> **WORK ORDER**
Please transcribe all of the records precisely.

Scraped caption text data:

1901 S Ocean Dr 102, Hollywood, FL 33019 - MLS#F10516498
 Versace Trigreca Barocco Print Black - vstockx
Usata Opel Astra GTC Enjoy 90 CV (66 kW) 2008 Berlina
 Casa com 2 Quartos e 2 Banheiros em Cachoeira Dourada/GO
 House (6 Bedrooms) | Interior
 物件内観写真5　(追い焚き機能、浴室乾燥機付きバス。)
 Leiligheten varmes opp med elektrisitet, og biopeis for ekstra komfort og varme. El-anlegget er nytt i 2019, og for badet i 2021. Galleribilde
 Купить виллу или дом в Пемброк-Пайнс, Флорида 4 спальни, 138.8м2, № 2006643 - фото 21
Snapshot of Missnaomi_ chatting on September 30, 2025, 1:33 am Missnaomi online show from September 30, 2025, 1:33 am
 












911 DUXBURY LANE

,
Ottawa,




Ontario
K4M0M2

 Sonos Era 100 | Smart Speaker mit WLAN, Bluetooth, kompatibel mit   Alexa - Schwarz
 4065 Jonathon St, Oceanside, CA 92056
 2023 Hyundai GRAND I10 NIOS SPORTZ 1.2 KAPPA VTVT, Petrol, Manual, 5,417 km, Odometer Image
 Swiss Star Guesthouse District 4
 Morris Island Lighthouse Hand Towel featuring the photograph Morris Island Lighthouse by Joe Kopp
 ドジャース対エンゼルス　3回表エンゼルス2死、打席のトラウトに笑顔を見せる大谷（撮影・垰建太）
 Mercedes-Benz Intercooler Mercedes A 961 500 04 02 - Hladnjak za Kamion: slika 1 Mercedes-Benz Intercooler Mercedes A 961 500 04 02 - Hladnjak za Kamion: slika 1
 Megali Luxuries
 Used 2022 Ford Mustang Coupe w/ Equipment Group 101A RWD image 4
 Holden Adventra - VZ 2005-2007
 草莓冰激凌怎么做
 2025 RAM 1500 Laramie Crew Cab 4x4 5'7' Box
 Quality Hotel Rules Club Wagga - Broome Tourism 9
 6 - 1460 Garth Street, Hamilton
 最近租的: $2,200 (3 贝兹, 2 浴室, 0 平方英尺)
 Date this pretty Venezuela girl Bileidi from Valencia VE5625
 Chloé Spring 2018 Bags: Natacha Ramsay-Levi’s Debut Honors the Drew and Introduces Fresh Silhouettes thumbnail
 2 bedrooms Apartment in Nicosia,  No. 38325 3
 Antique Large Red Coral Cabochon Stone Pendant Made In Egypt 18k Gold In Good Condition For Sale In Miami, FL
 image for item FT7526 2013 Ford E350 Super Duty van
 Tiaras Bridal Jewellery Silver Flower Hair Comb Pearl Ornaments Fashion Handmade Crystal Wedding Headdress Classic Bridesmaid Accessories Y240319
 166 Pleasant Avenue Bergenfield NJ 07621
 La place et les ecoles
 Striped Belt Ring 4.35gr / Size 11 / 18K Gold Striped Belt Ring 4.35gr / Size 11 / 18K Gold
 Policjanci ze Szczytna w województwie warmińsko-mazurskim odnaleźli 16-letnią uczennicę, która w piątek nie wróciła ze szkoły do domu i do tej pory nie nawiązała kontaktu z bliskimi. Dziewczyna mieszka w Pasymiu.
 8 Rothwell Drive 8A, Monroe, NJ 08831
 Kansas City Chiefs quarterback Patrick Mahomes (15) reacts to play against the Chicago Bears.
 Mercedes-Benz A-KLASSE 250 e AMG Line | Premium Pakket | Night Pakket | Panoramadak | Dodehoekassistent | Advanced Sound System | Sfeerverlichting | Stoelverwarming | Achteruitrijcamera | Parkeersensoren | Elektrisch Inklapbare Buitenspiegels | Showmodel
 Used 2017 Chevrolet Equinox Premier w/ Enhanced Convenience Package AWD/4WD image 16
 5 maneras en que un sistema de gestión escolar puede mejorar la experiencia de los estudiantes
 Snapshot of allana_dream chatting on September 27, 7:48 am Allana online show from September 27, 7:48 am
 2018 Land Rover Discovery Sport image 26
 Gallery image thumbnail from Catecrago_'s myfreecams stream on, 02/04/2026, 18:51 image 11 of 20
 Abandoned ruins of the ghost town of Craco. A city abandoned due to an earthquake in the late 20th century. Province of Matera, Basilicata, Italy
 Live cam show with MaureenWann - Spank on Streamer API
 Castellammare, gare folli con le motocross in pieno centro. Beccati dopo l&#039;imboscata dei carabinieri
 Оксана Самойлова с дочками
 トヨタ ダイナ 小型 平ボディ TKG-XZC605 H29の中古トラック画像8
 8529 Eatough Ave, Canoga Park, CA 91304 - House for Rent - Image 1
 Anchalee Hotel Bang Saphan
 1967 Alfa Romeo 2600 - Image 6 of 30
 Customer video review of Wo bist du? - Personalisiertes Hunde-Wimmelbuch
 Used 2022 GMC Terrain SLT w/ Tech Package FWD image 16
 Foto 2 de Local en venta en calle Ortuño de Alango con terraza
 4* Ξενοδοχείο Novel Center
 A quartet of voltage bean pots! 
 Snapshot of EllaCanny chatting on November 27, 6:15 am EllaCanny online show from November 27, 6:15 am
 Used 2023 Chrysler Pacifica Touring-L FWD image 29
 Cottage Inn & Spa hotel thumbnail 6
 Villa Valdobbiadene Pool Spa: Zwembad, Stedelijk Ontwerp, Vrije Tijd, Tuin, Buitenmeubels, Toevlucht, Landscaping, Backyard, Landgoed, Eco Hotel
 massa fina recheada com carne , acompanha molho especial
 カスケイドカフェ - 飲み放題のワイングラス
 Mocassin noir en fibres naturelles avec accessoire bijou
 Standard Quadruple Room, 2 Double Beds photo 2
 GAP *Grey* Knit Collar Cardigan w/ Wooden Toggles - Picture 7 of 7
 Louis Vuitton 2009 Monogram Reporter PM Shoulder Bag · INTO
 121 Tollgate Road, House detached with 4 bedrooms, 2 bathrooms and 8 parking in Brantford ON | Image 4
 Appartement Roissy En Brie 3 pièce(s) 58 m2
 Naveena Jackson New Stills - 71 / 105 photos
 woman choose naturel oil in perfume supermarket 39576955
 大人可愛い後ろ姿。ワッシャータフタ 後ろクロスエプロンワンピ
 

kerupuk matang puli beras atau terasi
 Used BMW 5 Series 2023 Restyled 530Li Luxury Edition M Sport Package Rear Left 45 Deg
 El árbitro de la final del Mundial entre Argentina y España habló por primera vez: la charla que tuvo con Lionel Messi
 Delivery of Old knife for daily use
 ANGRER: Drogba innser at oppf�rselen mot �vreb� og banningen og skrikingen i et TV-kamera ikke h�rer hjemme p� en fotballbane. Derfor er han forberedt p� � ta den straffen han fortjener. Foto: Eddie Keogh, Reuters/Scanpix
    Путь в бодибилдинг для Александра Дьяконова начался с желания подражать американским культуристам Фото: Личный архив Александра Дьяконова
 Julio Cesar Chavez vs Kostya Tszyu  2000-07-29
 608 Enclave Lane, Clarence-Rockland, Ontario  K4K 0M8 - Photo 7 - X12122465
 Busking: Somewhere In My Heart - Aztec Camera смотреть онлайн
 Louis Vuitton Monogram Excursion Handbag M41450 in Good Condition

> **SOLUTION FOR THIS EXERCISE**
1901 S Ocean Dr 102, Hollywood, FL 33019 - MLS#F10516498
 Versace Trigreca Barocco Print Black - vstockx
Usata Opel Astra GTC Enjoy 90 CV (66 kW) 2008 Berlina
 Casa com 2 Quartos e 2 Banheiros em Cachoeira Dourada/GO
 House (6 Bedrooms) | Interior
 物件内観写真5　(追い焚き機能、浴室乾燥機付きバス。)
 Leiligheten varmes opp med elektrisitet, og biopeis for ekstra komfort og varme. El-anlegget er nytt i 2019, og for badet i 2021. Galleribilde
 Купить виллу или дом в Пемброк-Пайнс, Флорида 4 спальни, 138.8м2, № 2006643 - фото 21
Snapshot of Missnaomi_ chatting on September 30, 2025, 1:33 am Missnaomi online show from September 30, 2025, 1:33 am
 












911 DUXBURY LANE

,
Ottawa,




Ontario
K4M0M2

 Sonos Era 100 | Smart Speaker mit WLAN, Bluetooth, kompatibel mit   Alexa - Schwarz
 4065 Jonathon St, Oceanside, CA 92056
 2023 Hyundai GRAND I10 NIOS SPORTZ 1.2 KAPPA VTVT, Petrol, Manual, 5,417 km, Odometer Image
 Swiss Star Guesthouse District 4
 Morris Island Lighthouse Hand Towel featuring the photograph Morris Island Lighthouse by Joe Kopp
 ドジャース対エンゼルス　3回表エンゼルス2死、打席のトラウトに笑顔を見せる大谷（撮影・垰建太）
 Mercedes-Benz Intercooler Mercedes A 961 500 04 02 - Hladnjak za Kamion: slika 1 Mercedes-Benz Intercooler Mercedes A 961 500 04 02 - Hladnjak za Kamion: slika 1
 Megali Luxuries
 Used 2022 Ford Mustang Coupe w/ Equipment Group 101A RWD image 4
 Holden Adventra - VZ 2005-2007
 草莓冰激凌怎么做
 2025 RAM 1500 Laramie Crew Cab 4x4 5'7' Box
 Quality Hotel Rules Club Wagga - Broome Tourism 9
 6 - 1460 Garth Street, Hamilton
 最近租的: $2,200 (3 贝兹, 2 浴室, 0 平方英尺)
 Date this pretty Venezuela girl Bileidi from Valencia VE5625
 Chloé Spring 2018 Bags: Natacha Ramsay-Levi’s Debut Honors the Drew and Introduces Fresh Silhouettes thumbnail
 2 bedrooms Apartment in Nicosia,  No. 38325 3
 Antique Large Red Coral Cabochon Stone Pendant Made In Egypt 18k Gold In Good Condition For Sale In Miami, FL
 image for item FT7526 2013 Ford E350 Super Duty van
 Tiaras Bridal Jewellery Silver Flower Hair Comb Pearl Ornaments Fashion Handmade Crystal Wedding Headdress Classic Bridesmaid Accessories Y240319
 166 Pleasant Avenue Bergenfield NJ 07621
 La place et les ecoles
 Striped Belt Ring 4.35gr / Size 11 / 18K Gold Striped Belt Ring 4.35gr / Size 11 / 18K Gold
 Policjanci ze Szczytna w województwie warmińsko-mazurskim odnaleźli 16-letnią uczennicę, która w piątek nie wróciła ze szkoły do domu i do tej pory nie nawiązała kontaktu z bliskimi. Dziewczyna mieszka w Pasymiu.
 8 Rothwell Drive 8A, Monroe, NJ 08831
 Kansas City Chiefs quarterback Patrick Mahomes (15) reacts to play against the Chicago Bears.
 Mercedes-Benz A-KLASSE 250 e AMG Line | Premium Pakket | Night Pakket | Panoramadak | Dodehoekassistent | Advanced Sound System | Sfeerverlichting | Stoelverwarming | Achteruitrijcamera | Parkeersensoren | Elektrisch Inklapbare Buitenspiegels | Showmodel
 Used 2017 Chevrolet Equinox Premier w/ Enhanced Convenience Package AWD/4WD image 16
 5 maneras en que un sistema de gestión escolar puede mejorar la experiencia de los estudiantes
 Snapshot of allana_dream chatting on September 27, 7:48 am Allana online show from September 27, 7:48 am
 2018 Land Rover Discovery Sport image 26
 Gallery image thumbnail from Catecrago_'s myfreecams stream on, 02/04/2026, 18:51 image 11 of 20
 Abandoned ruins of the ghost town of Craco. A city abandoned due to an earthquake in the late 20th century. Province of Matera, Basilicata, Italy
 Live cam show with MaureenWann - Spank on Streamer API
 Castellammare, gare folli con le motocross in pieno centro. Beccati dopo l&#039;imboscata dei carabinieri
 Оксана Самойлова с дочками
 トヨタ ダイナ 小型 平ボディ TKG-XZC605 H29の中古トラック画像8
 8529 Eatough Ave, Canoga Park, CA 91304 - House for Rent - Image 1
 Anchalee Hotel Bang Saphan
 1967 Alfa Romeo 2600 - Image 6 of 30
 Customer video review of Wo bist du? - Personalisiertes Hunde-Wimmelbuch
 Used 2022 GMC Terrain SLT w/ Tech Package FWD image 16
 Foto 2 de Local en venta en calle Ortuño de Alango con terraza
 4* Ξενοδοχείο Novel Center
 A quartet of voltage bean pots! 
 Snapshot of EllaCanny chatting on November 27, 6:15 am EllaCanny online show from November 27, 6:15 am
 Used 2023 Chrysler Pacifica Touring-L FWD image 29
 Cottage Inn & Spa hotel thumbnail 6
 Villa Valdobbiadene Pool Spa: Zwembad, Stedelijk Ontwerp, Vrije Tijd, Tuin, Buitenmeubels, Toevlucht, Landscaping, Backyard, Landgoed, Eco Hotel
 massa fina recheada com carne , acompanha molho especial
 カスケイドカフェ - 飲み放題のワイングラス
 Mocassin noir en fibres naturelles avec accessoire bijou
 Standard Quadruple Room, 2 Double Beds photo 2
 GAP *Grey* Knit Collar Cardigan w/ Wooden Toggles - Picture 7 of 7
 Louis Vuitton 2009 Monogram Reporter PM Shoulder Bag · INTO
 121 Tollgate Road, House detached with 4 bedrooms, 2 bathrooms and 8 parking in Brantford ON | Image 4
 Appartement Roissy En Brie 3 pièce(s) 58 m2
 Naveena Jackson New Stills - 71 / 105 photos
 woman choose naturel oil in perfume supermarket 39576955
 大人可愛い後ろ姿。ワッシャータフタ 後ろクロスエプロンワンピ
 

kerupuk matang puli beras atau terasi
 Used BMW 5 Series 2023 Restyled 530Li Luxury Edition M Sport Package Rear Left 45 Deg
 El árbitro de la final del Mundial entre Argentina y España habló por primera vez: la charla que tuvo con Lionel Messi
 Delivery of Old knife for daily use
 ANGRER: Drogba innser at oppf�rselen mot �vreb� og banningen og skrikingen i et TV-kamera ikke h�rer hjemme p� en fotballbane. Derfor er han forberedt p� � ta den straffen han fortjener. Foto: Eddie Keogh, Reuters/Scanpix
    Путь в бодибилдинг для Александра Дьяконова начался с желания подражать американским культуристам Фото: Личный архив Александра Дьяконова
 Julio Cesar Chavez vs Kostya Tszyu  2000-07-29
 608 Enclave Lane, Clarence-Rockland, Ontario  K4K 0M8 - Photo 7 - X12122465
 Busking: Somewhere In My Heart - Aztec Camera смотреть онлайн
 Louis Vuitton Monogram Excursion Handbag M41450 in Good Condition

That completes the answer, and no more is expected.